- WHAT TO WORK ON
Give back every line of the data exactly. Pictures are not part of the copy.
Segment Start: RAW DATA
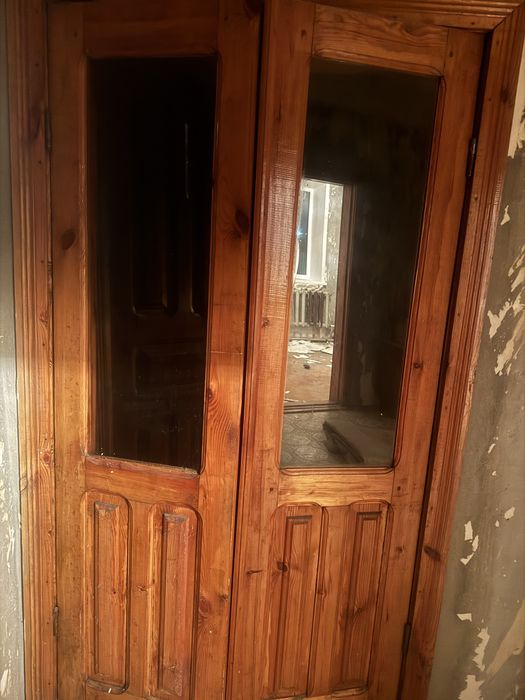 Срочно продам деревянные двери
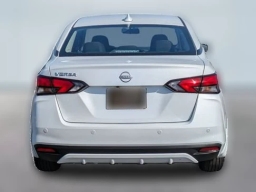 Nissan Versa SV CVT 2025
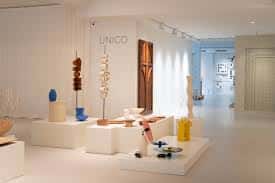 Espacio expositivo de ÚNICO Gallery con piezas de diseño y mobiliario minimalista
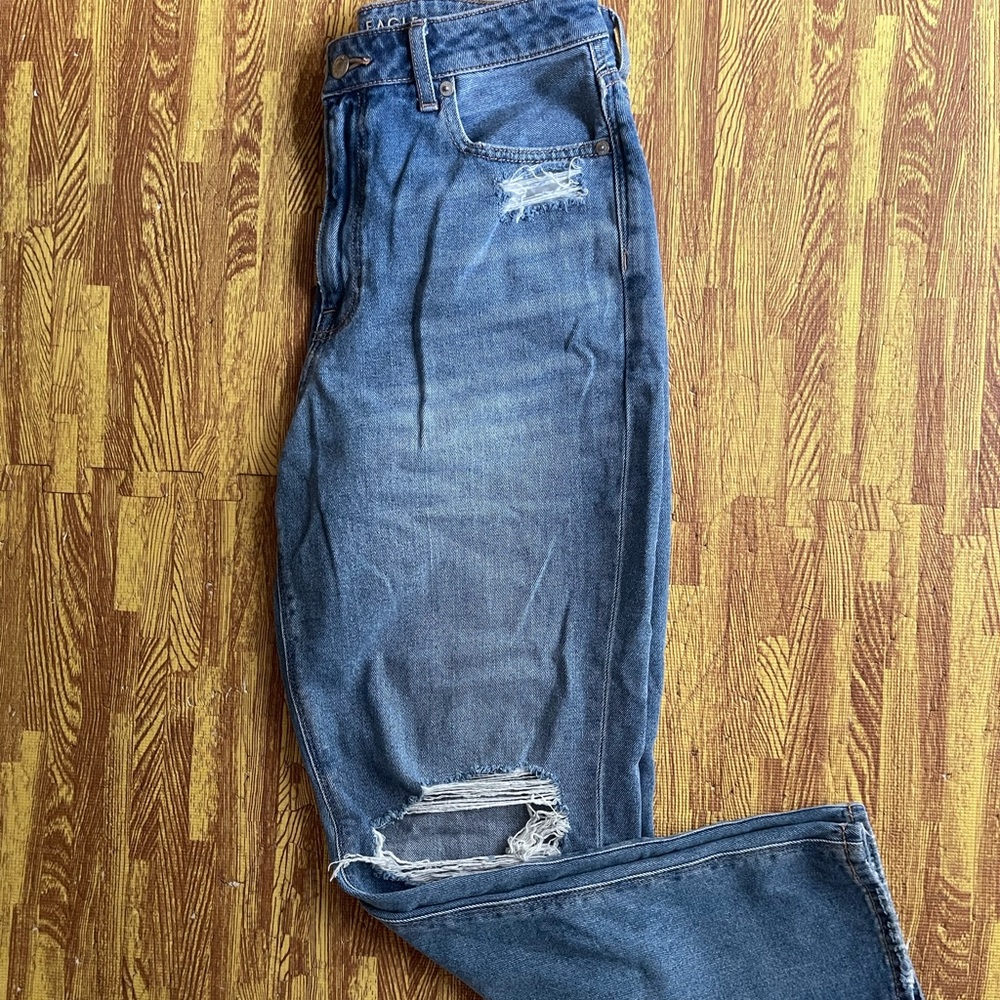 AE mom jeans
Segment End: RAW DATA
- RESPONSE TO THIS EXERCISE
 Срочно продам деревянные двери
 Nissan Versa SV CVT 2025
 Espacio expositivo de ÚNICO Gallery con piezas de diseño y mobiliario minimalista
 AE mom jeans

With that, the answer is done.